Mandiant's staff is stocked with retired intelligence and law enforcement agents who specialize in computer forensics and promise their clients confidentiality and control over the investigation. In turn, they get unfettered access to the crime scene and resources to fix the problem (Mandiant will not say exactly how much it charges, but it is estimated to average around $400 an hour.)
The growing reliance on contractors such as Mandiant has been compared to that enjoyed by the military and State Department contractor formerly known as Blackwater, which provided physical security to diplomats and other VIPs during the Iraq war. Officials inside and outside government say that's not a bad thing; contractors can often act more quickly than the government and without as much red tape. There are also serious privacy concerns: Most U.S. citizens don't want the government to gain access their bank accounts, for example, even if China is attacking their bank.
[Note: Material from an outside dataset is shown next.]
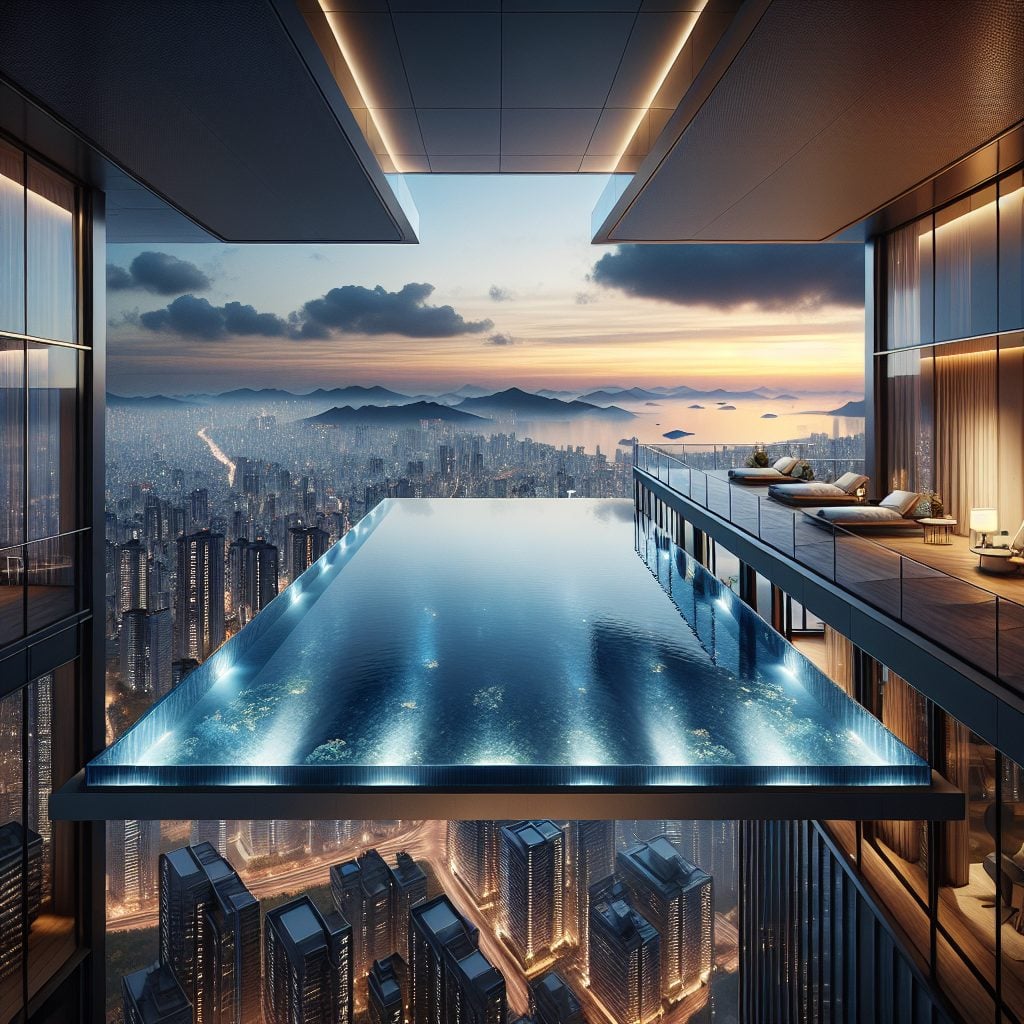 Seoul Horizon Suites With City Infinity Pools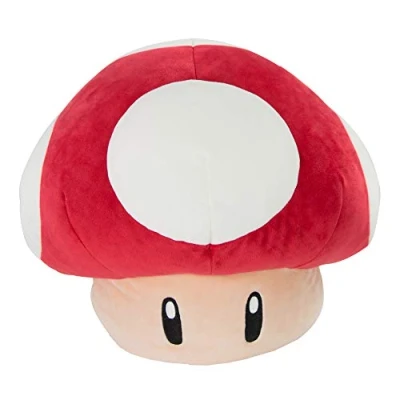 Image de Peluche Super Mario Kart Champignon 40 cm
"The government doesn't have the capacity," said Shawn Henry, a former FBI executive assistant director who works for a Mandiant competitor, CrowdStrike. "There are a lot of people working hard. But the structures aren't there."
Michael DuBose, another former senior Justice Department official who works at a different Mandiant competitor, Kroll Advisory Solutions, added: "I think there's a recognition that the government can't stand at the entry point of the Internet to the United States and shield it from all bad things coming in."
Since Mandiant released its report this week, government officials and lawmakers have publicly embraced its findings. Sen. Dianne Feinstein, of California, the Democratic chairwoman of the Senate Intelligence Committee, hailed Mandiant for exposing China as a problem. She called its report "sobering" and said she hoped it would spur an international agreement to protect companies from cyber-espionage.